We believe that it is the presence of “clamps,” i.e., hydrogen bonds in tridecanoic acid (in contrast to n-alkanes), that impedes the gradual increase in intermolecular distances in triclinic subcells on heating and, as a consequence, leads to sharper changes in frequencies of rocking and bending vibrations in the region of the phase transition of the first order.

Analysis of the behavior of bending vibration bands of CH₂ groups in the region of 1450–1490 cm^–1 (Figs. 3 and 5) demonstrates that the character of the variation in the IR spectrum in the region of PT-1 is similar to rocking vibrations.
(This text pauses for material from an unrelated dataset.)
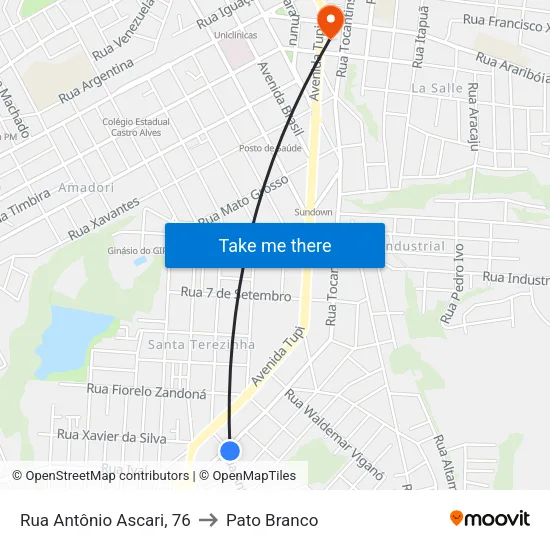 Rua Antônio Ascari, 76 to Pato Branco map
Namely, with an increase in temperature, the band ν = 1471.4 cm^–1 which is peculiar to the triclinic subcell is transformed into the band ν = 1468 cm^–1 indicating the appearance of a hexagonal subcell of n-alkanes [9, 15, 17, 18].

At the same time, the gradual character of the variation in this vibration mode is also observed: values \(\nu _{{{\text{C}}{{{\text{H}}}_{2}}}}^{{{\text{bend}}}}\) = 1471.4, 1470.8, 1470.5, 1470.2, 1469.6, 1469.4, 1468.8, and 1468.0 cm^–1 are distinctively recorded approximately in the same narrow temperature range ΔT from T = 45.5 to T = 47.5°C.

The kinetics we have revealed in the development of the phase transition of the first order indicates the generation of nanonuclei of a new phase with the hexagonal type of the subcell in the crystalline core of initial lamellae with triclinic subcells and the gradual increase in the number of new nuclei with the development of the phase transition in a narrow temperature interval ΔT ~ 1 K according to the theory of diffuse phase transitions of the first order [6].

With the further increase in temperature from T ~ 47.5°C to T ≤ 50°C (the region between PT-1 and PT-2 (melting of tetracosane)), the value ν = 1468 cm^–1 is retained, which testifies about the hexagonal phase of tetracosane. The change in the frequency of bending vibrations to ν = 1467 cm^–1 occurs only at a temperature somewhat above T_m ~ 52°C (Fig. 5). This frequency is peculiar to isolated chains of liquid or solved n-alkanes [9, 15]. Individual bands become significantly wider and asymmetric (Fig. 3), which is, certainly, related to an increase in the rotatory power of the molecules and appearance of conformational defects of different types: GTG^–-kinks, T_mG-end-gauche defects, GG and GTTG defects, and others.

Each of the considered types of conformational defects is associated with certain absorption bands in the region of ν = 1200–1450 cm^–1 [21] which we also observed in our Fourier-transform IR spectra at higher temperatures (these data will be presented in the next paper).

Values of the observed frequencies ν = 720 cm^–1 for rocking vibrations and ν = 1467 cm^–1 for bending vibrations for tetracosane in the melt correspond to literature data for n-alkanes with a varying number of CH₂ groups in different phase states, namely, in the liquid state at small n = 6–15 and melts or solutions up to n = 34 [11, 12, 15, 21]. In all cases, the frequencies of rocking and bending vibrations turn out to be near ν = 720 and 1467 cm^–1, respectively. It means that the effective intermolecular potential in these states turns out to be approximately the same and attenuated as compared to the potential for different types of initial crystalline subcells (triclinic, monoclinic, and orthorhombic ones) that are formed during crystallization of n-alkanes depending on the n number of C–C bonds.

4 CONCLUSIONS

Using Fourier-transform IR spectroscopy, the kinetics of the development of the solid-phase structural transition of the first order in monodisperse samples of tetracosane C₂₄H₅₀ has been studied. It has been shown that, in a narrow temperature interval ΔT ~ 2 K, there appear nanonuclei of the new (hexagonal) phase with a volume ω ~ 100–200 nm³ by the fluctuation mechanism, and the new phase gradually propagates to the whole volume of the initial (triclinic) phase due to the advance of the interphase boundary by adding new stable nanonuclei with the volume ω to it according to the theory of diffuse phase transitions of the first order.